Un silencio pareció concederle el tiempo extra. Molly continuó.
—Eso fue suficiente para que un juez le diera la custodia de los niños. Pero, ¿sabes?, a fin de cuentas comprendo a mis hijos, sobre todo a Shirley. Ella me culpa por haberme... —Y susurró—: por haberme enredado contigo. No me lo dice, pero me considera un oprobio para la familia, lo sé. Y tiene razón. A sus ojos soy una señora caliente que prefiere variar un poco. Está en su derecho de odiarme. De seguro la hicieron llorar muchas veces en su escuela, y los rumores, estoy segura, la persiguieron hasta su nuevo instituto. Quién sabe y tenga amigas nuevas. Espero que por lo menos encuentre a alguien que la escuche.
»Pero te alegrará saber que Adam la apoya en su sueño de cantar. Claro, para él no encargarse de sus hijos es mejor. Por eso lo hace. De todos modos la mocosa es muy buena cantando. Tenías razón: el talento sí reside en ella. Estoy orgullosa. A lo mejor después sea la próxima Peggy March o la siguiente Petula Clark. Sería bueno...
—¡Tiempo!
—Está bien. Ya voy. —El hombre abrió la puerta.
Molly se reincorporó y le dio la espalda al interno. No pudo contener el llanto.
—No llores, hermana —le dijo Brigitte con la voz de una niña de cinco años—. No llores.
Aquello solo la puso peor. Asintió, con las mejillas empapadas. Brigitte acercó su mano a la cara de Molly y pareció acariciarla. Esta tomó su mano y la sostuvo cerca de su piel para sentir su calor por última vez. El semblante ajeno de Brigitte, sin embargo, persistía.

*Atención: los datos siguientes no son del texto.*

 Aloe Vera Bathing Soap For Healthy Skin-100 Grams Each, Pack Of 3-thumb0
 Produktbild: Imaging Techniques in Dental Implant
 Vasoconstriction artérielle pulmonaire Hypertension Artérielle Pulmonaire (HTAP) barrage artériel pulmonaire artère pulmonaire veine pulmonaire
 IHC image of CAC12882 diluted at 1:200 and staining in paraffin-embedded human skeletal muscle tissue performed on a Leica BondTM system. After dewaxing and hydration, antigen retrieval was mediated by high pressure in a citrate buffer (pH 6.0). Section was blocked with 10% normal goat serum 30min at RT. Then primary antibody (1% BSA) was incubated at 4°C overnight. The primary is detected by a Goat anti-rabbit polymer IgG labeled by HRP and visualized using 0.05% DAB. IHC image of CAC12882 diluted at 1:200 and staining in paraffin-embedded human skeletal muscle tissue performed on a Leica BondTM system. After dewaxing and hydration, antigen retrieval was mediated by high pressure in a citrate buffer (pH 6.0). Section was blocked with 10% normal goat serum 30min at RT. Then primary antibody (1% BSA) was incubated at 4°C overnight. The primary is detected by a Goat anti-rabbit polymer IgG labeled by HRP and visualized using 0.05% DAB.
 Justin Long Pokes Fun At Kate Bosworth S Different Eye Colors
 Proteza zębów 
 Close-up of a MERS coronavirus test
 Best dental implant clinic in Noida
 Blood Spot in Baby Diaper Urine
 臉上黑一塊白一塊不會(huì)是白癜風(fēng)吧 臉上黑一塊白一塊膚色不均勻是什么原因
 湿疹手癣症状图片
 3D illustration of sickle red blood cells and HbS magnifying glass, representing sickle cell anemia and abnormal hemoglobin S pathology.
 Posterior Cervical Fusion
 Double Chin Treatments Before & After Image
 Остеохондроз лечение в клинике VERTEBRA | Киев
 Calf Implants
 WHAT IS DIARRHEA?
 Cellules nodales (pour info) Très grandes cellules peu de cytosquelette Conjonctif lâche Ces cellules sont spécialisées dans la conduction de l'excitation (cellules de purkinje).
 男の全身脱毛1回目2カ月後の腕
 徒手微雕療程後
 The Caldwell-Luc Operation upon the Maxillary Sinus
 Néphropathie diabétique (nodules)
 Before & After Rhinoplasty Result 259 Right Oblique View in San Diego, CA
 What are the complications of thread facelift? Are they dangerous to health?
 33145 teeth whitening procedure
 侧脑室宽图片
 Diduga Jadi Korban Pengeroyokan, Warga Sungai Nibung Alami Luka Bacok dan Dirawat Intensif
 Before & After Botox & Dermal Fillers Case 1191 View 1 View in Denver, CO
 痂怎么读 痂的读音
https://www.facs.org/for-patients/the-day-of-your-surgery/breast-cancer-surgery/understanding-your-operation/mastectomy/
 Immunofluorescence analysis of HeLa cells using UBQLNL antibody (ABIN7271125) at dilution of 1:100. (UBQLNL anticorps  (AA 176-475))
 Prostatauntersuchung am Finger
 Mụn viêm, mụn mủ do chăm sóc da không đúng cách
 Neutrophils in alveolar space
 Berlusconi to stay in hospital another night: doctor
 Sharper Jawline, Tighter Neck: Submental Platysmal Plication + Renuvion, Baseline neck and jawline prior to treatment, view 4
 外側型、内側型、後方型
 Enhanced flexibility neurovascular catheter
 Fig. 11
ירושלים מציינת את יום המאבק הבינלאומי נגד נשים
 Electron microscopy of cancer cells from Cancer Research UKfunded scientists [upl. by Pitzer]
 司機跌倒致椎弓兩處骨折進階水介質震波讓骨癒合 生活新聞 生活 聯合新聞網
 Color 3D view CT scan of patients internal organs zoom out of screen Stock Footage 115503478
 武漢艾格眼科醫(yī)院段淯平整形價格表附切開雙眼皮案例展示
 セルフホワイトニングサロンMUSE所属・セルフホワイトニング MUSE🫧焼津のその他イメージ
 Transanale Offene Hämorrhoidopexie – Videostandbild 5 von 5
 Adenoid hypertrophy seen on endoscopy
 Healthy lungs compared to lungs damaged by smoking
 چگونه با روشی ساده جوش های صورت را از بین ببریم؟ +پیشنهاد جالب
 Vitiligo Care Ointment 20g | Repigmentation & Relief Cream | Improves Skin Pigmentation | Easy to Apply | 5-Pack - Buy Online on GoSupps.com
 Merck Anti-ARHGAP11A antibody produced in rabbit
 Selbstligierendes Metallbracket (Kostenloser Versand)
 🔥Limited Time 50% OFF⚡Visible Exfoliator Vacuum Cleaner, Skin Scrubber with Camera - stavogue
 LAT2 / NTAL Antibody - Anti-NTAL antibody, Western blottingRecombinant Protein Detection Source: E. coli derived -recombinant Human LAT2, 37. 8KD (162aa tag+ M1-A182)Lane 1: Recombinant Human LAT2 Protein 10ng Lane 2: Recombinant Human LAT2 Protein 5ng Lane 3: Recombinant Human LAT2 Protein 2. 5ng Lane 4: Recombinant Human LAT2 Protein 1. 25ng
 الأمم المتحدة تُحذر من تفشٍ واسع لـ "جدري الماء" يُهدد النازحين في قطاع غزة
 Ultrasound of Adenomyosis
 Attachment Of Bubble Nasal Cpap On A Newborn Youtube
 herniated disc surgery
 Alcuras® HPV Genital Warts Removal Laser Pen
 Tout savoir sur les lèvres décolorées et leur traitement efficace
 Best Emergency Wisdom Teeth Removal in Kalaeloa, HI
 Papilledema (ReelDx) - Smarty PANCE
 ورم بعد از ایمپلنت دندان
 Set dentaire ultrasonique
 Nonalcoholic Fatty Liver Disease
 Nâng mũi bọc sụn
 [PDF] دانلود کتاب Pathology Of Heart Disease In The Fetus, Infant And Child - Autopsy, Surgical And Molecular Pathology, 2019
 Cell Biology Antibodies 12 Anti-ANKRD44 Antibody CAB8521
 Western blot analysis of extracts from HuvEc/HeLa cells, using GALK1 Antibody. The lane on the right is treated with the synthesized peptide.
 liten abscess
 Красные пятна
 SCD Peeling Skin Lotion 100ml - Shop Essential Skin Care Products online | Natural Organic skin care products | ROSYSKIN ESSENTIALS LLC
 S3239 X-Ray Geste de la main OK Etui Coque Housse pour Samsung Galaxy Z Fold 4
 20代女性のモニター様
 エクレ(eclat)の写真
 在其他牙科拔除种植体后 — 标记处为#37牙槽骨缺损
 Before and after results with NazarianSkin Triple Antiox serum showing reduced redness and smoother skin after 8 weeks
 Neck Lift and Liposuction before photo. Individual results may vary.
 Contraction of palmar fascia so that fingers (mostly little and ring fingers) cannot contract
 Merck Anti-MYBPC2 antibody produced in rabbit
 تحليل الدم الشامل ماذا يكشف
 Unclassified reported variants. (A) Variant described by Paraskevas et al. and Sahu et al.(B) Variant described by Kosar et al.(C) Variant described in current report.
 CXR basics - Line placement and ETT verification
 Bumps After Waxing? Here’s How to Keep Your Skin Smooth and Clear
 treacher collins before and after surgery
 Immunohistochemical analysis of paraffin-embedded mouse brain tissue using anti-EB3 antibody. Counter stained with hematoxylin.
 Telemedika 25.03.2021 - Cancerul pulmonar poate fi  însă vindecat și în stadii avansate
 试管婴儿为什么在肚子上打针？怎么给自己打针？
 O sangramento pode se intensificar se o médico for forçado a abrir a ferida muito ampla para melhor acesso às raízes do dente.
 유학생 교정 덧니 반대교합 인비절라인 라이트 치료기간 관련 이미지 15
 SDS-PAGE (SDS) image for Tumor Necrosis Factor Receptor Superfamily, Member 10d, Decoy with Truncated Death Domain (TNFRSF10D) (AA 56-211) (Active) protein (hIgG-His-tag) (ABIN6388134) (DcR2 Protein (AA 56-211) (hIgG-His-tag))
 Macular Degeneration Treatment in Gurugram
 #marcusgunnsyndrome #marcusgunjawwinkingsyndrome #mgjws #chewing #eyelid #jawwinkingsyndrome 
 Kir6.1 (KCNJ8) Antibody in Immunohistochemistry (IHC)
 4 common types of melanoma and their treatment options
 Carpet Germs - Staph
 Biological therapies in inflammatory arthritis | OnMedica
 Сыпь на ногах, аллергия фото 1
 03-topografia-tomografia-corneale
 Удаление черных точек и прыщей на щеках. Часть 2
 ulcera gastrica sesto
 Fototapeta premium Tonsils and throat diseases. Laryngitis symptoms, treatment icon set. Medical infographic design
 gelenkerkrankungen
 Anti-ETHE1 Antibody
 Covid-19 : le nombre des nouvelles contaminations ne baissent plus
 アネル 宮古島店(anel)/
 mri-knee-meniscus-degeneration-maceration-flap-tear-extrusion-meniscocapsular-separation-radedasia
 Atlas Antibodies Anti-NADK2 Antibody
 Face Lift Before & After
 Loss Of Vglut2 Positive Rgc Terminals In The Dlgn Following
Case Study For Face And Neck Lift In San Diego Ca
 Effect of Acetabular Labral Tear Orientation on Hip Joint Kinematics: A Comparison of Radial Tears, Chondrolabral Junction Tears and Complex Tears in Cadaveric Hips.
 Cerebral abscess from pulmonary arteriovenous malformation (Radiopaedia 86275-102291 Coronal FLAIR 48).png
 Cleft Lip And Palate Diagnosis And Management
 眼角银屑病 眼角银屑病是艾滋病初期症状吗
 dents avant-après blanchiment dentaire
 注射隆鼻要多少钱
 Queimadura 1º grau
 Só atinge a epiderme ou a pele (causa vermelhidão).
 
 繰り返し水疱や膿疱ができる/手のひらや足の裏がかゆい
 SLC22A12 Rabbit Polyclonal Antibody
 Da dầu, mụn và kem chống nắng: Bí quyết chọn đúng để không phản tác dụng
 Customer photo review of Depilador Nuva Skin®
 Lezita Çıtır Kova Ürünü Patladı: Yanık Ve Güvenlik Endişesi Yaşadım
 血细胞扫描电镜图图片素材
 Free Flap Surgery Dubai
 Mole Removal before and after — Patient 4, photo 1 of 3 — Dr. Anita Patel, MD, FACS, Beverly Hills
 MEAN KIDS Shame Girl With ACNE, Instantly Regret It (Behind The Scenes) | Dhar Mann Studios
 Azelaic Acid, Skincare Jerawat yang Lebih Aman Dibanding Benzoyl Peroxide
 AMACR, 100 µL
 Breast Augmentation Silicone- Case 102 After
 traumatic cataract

—Te sacaré de aquí —le murmuró—. Te llevaré conmigo. Ya veré cómo.
El interno, un hombre negro muy fornido, la sostuvo del brazo y la llevó afuera. Le recordó el protocolo de las visitas y ella no pudo pensar más que en su plan para rescatar a Brigitte. Echó un último vistazo a la alcoba y solo notó frente a la luz del sol la silueta de su amada, que la miraba como si la reconociera.
«Lo hace —se dijo Molly, y siguió por el pasillo.»